Characters and locations are the main aspect of novels. Characters and locations from different novels often function in similar ways within their respected narratives. This is the case with Steinbeck's Sweet Thursday and Fitzgerald's Great Gatsby. Although the similarities may not be apparent at first, after closely examining the works of fiction they become more evident.

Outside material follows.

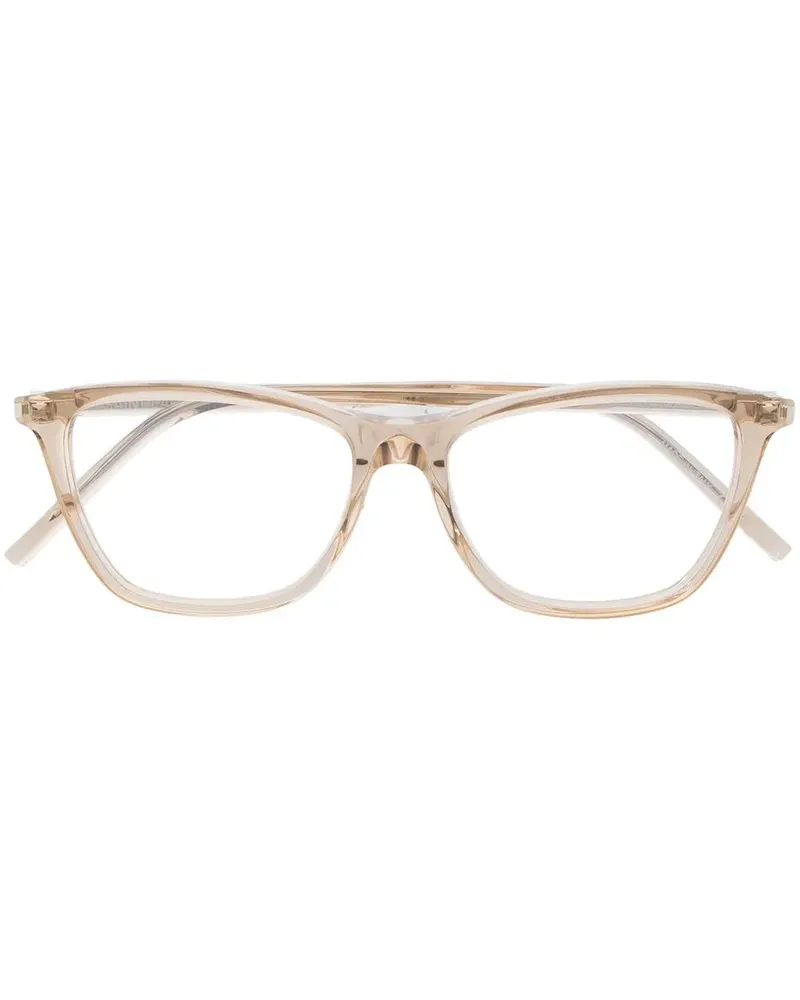 Saint Laurent Brille mit Cat-Eye-Gestell - Nude Nude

Steinbeck's character, Fauna, and Fitzgerald's character, Jordan Baker, demonstrate this hidden similarity. At first, these characters seem to be complete opposites. One element that is different between the two characters is the lady's occupations. Fauna is a whorehouse owner. She sells prostitutes for a living. Jordan Baker is a professional golfer. She has a respectful and legitimate career. The two also differ with their take on life. Jordan Baker takes life as it is. Jordan Baker shows this by knowing that Tom Buchanan is having an affair and not trying to justify it. Fauna, on the other hand, is Cannery Row's gossip queen. She knows all and tells all. Fauna knows all about Suzy's true feelings of love for Doc and she tells Doc everything. Another difference between these characters is their relationship with the main females in the novel. Jordan Baker and Daisy are life-long friends. Fitzgerald tells of experiences during their childhood (teenage) years. Fauna and Suzy's relationship just begins as the novel starts. They first meet in the beginning of the story.

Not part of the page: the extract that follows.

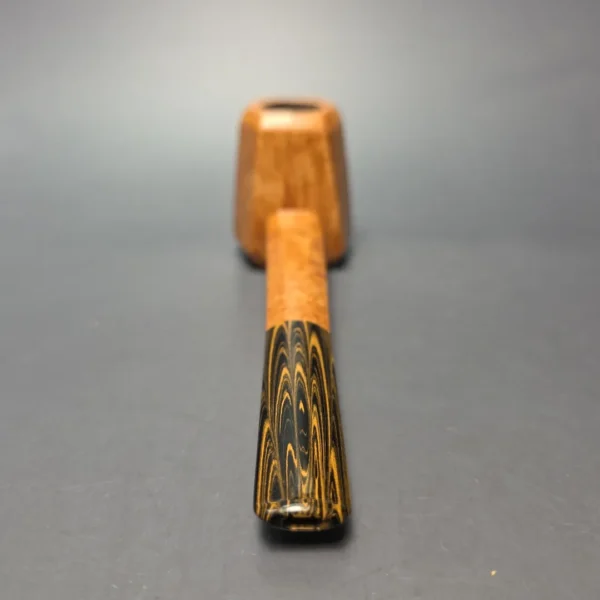 Papa Bear's Pipes by Tim Beaumont Smooth Paneled Volcano Handmade Briar Pipe, New - Image 5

As you read the book, you begin to understand and know the characters. This is when you see that there are, indeed, many similarities between these two characters. One similarity is that both Fauna and Jordan Baker know the truth about the men. Jordan Baker knows that Gatsby's only reason for success is Daisy. Gatsby has worked for everything he has just to win Daisy over and prove he is worthy enough for her. Jordan Baker also knows that Gatsby is the same man from Daisy's past and never feels the need to tell Daisy anything.